Lamia Rezgui se spécialisait de plus en plus dans les zones de conflit mais pas uniquement. Pour elle, un journaliste doit être multidisciplinaire. Elle a couvert la guerre en Irak et a axé ses reportages et ses correspondances sur la région arabe et l’Asie centrale. Le dénommé “Printemps arabe“ qui avait démarré en Tunisie a été l’occasion pour elle pour prouver définitivement ses talents de journaliste de guerre. «Ce qui rend les choses plus faciles chez nous ici à Washington, c’est que lorsque nous nous adressons aux responsables dans d’autres pays, ils réagissent rapidement».
Après avoir couvert la Tunisie, elle est partie en Libye et elle y a passé beaucoup de temps. Un terrain qu’elle maîtrise à la perfection grâce à un large réseau de connaissances d’alliés à l’ancien régime et d’opposants. Elle avait auparavant interviewé Seif al Islam El Ghaddafi et nombre d’opposants libyens.
L’expérience libyenne en 2011 a été éprouvante pour la correspondante de Radio Sawa. Elle y a frôlé la mort et a vécu des situations insoutenables de souffrance humaine. Elle a assisté de près aux batailles entre différentes factions et milices libyennes dans sa route entre Tripoli et Djerba.

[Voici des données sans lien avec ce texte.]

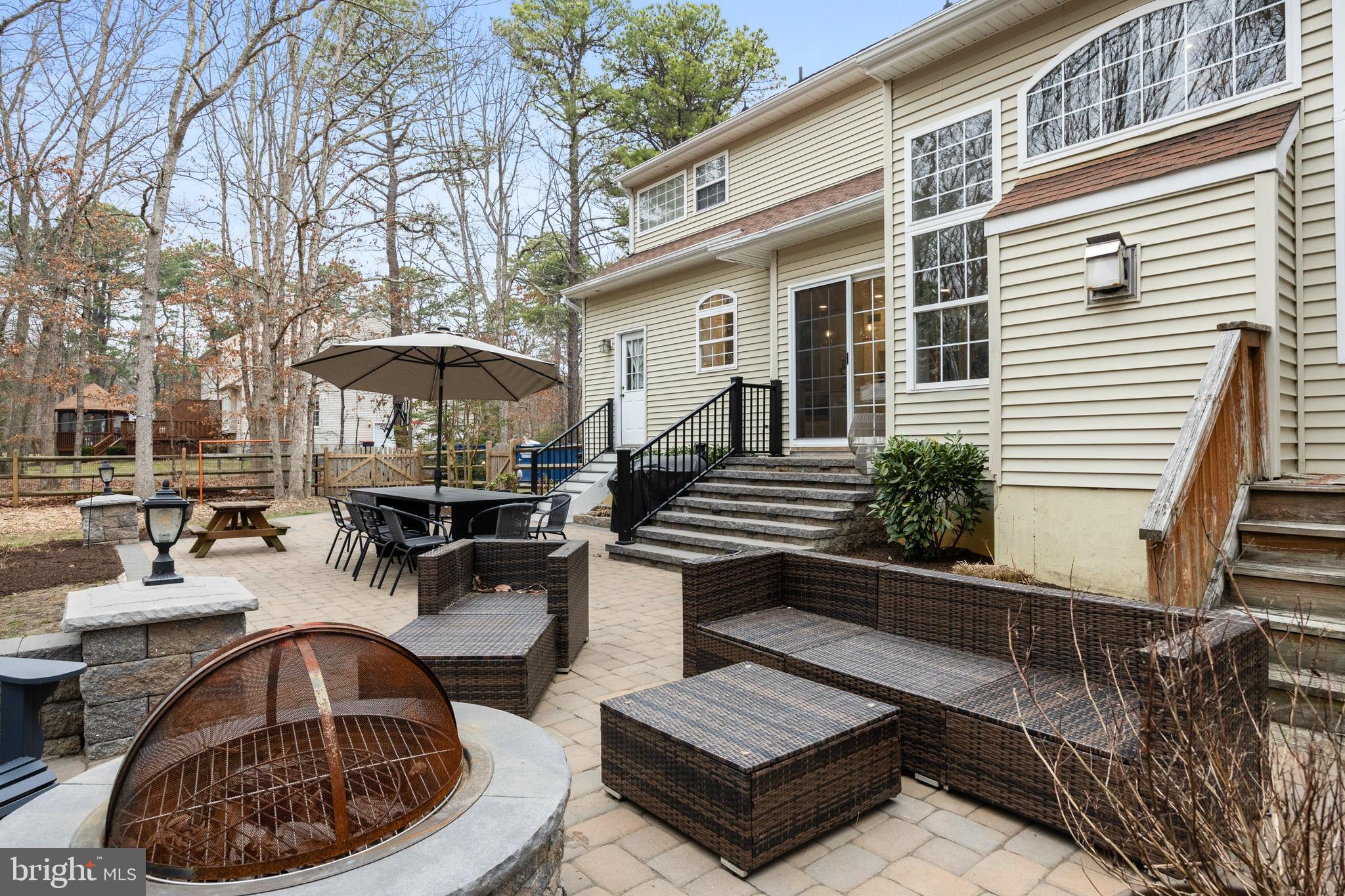 12 LOWBRIDGE PASSAGE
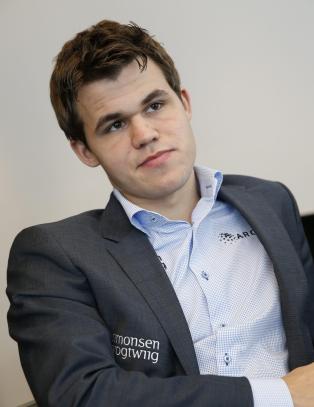 - Hvis han blir provosert, sl�r han deg ned p� brettet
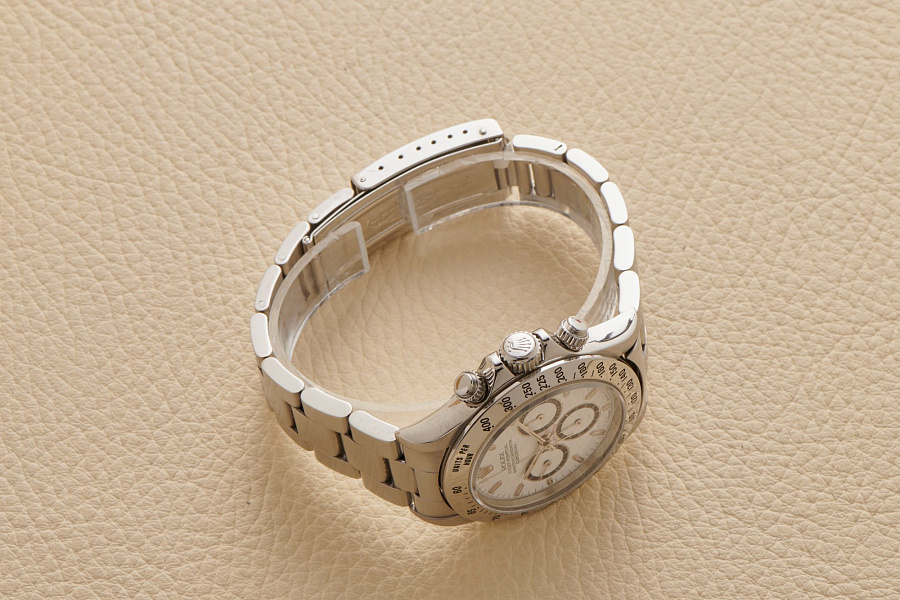 16520 Daytona 4-Lines   L-Serial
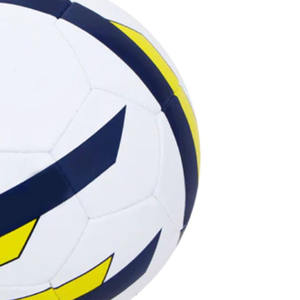 Balón de fútbol de PU de alta calidad personalizable Alaay, función de entrenamiento de equipos deportivos Unidos pakistaníes, presenta su propio diseño de logotipo - Product Image 4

La couverture de la guerre en Libye a, en 2012, valu à la correspondante tuniso-américaine le «Prix du Courage». Celui de la Broadcasting Board of Governors qui regroupe nombre de stations radios de l’Asie, d’Europe de l’Est, de la région MENA et de l’Afrique.
Elle a été également primée pour un article d’investigation sur le mariage précoce au Soudan qui a été fait à partir de son bureau à Washington et où elle raconte l’histoire de deux jeunes filles qui ont subi le joug de traditions cruelles dans une société rétrograde. Lamia a décrit les souffrances des jeunes femmes sans fards et sans démesure, ce qui toucha un grand nombre d’auditeurs. Elle a toujours fait un point d’honneur d’être dans la proximité sans tomber dans la dramatisation.

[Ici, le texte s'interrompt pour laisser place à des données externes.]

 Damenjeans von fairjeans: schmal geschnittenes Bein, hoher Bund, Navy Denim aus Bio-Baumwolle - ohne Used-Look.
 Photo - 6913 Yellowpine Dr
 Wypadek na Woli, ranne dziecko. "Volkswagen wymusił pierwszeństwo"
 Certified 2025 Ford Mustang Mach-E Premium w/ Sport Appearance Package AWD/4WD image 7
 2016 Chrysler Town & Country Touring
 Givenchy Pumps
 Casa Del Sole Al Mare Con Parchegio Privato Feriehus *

Dans sa couverture des grands événements aux Etats-Unis dont les élections présidentielles ou législatives, elle évite le buzz et colle de très près aux véritables préoccupations des citoyens. «Quand je pose mes questions à un candidat, celles-ci concernent généralement le quotidien de l’Américain lambda dont le véritable souci est de savoir comment il va faire vivre ses enfants, comment assurer leur éducation et améliorer leur qualité de vie. J’évite les détails pour voir global, qu’il s’agisse d’élections, de guerres ou de faits socioéconomiques aux Etats-Unis ou ailleurs».

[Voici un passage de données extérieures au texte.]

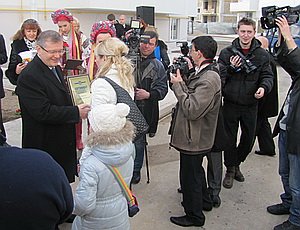 В Севастополе вице-премьер с трудом добрался до доступного жилья (ФОТО, ВИДЕО)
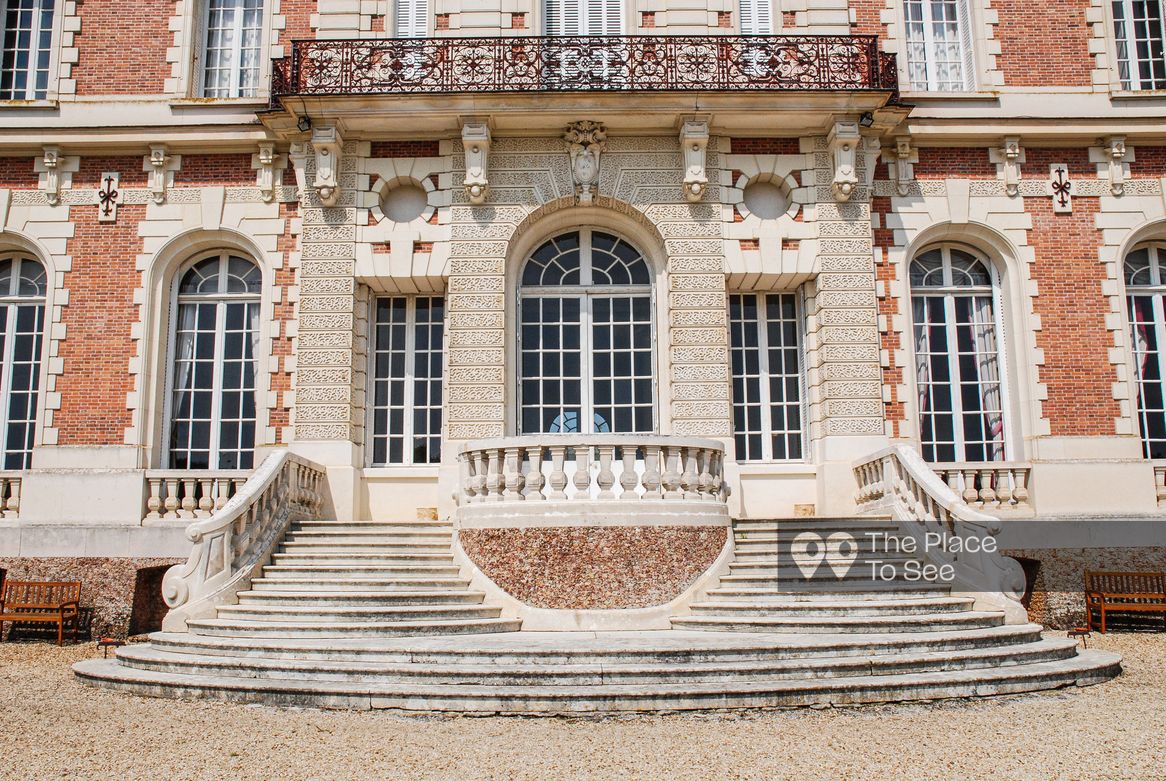 Façade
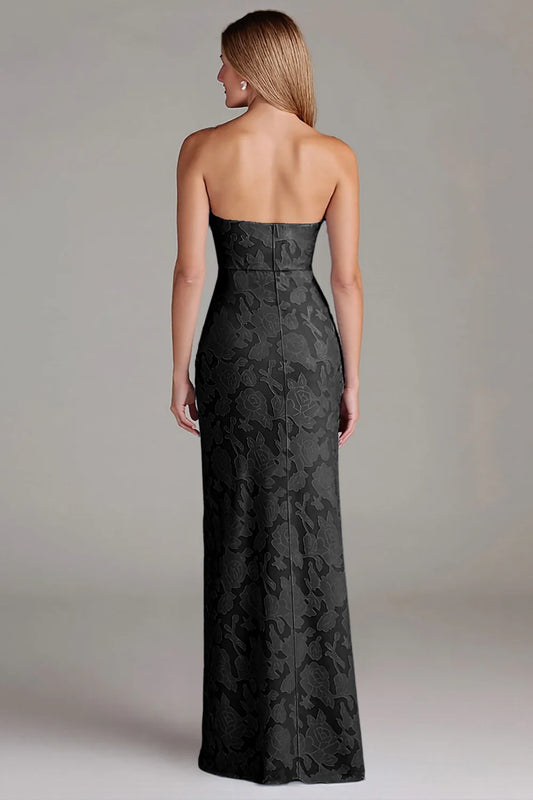 Strapless sleeveless waist cinching long dress bridesmaid dress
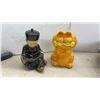 Image 4 : Hull Pottery Water Lily Ceramic Planter with Matching Bud Vases & More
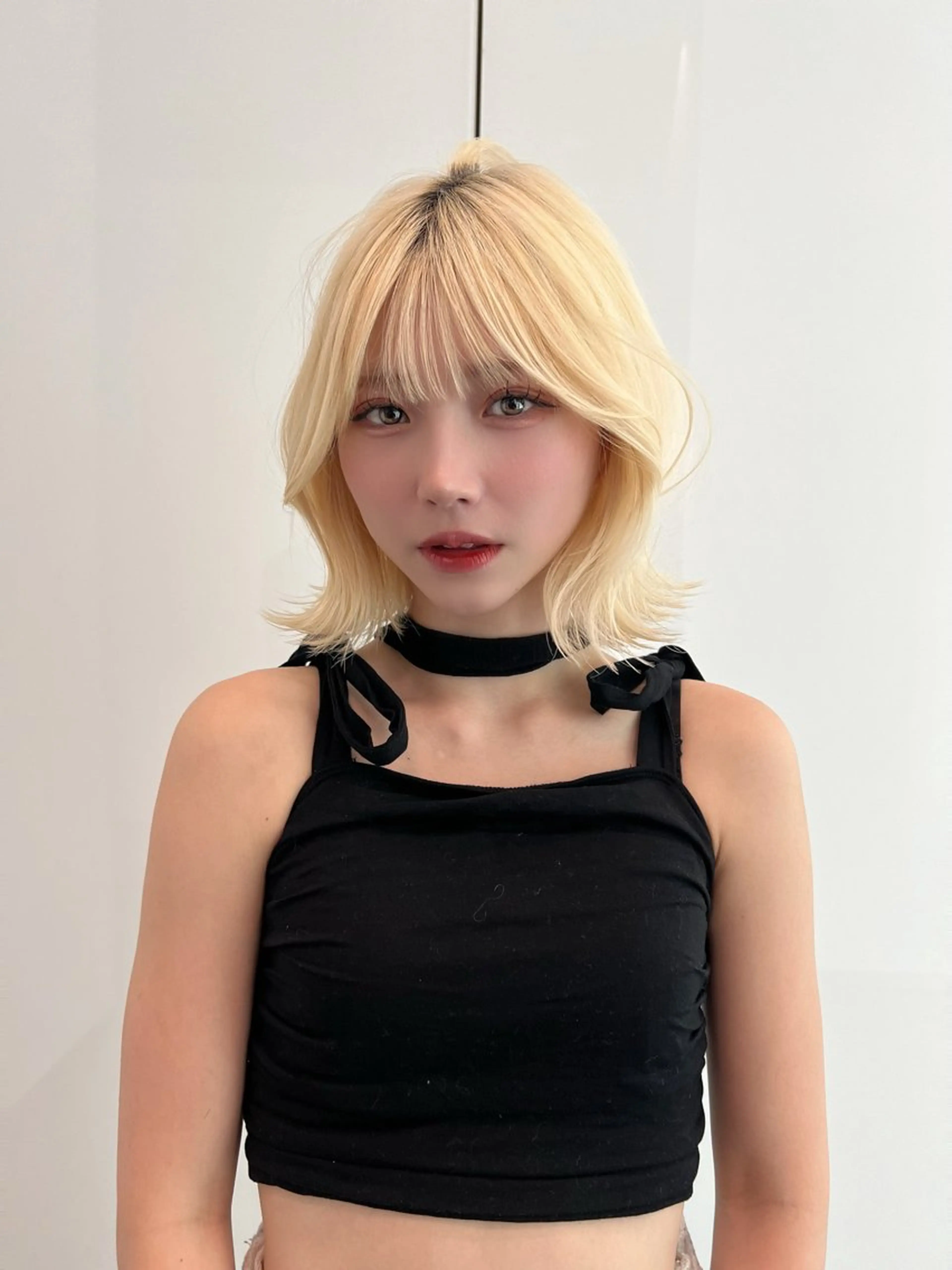 ショート カラー カット ヘアカラー トリートメント 抜きっぱなしブロンド /ハイトーン/カナタのヘアスタイル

Lamia Rezgui a été sacrée pour son engagement en tant que journaliste et sa capacité à transmettre les faits sans s’y impliquer. Le hasard l’a aidée mais ses capacités intrinsèques y ont été pour beaucoup. Aux Etats-Unis d’Amérique, les compétences sont reconnues et non ignorées ou écartées.
In fine, la meilleure citation qui corresponde à Lamia Rezgui est celle de Pierre-Claude-Victor Boiste: «Le hasard est l’enchaînement des effets dont nous n’apercevons pas les causes».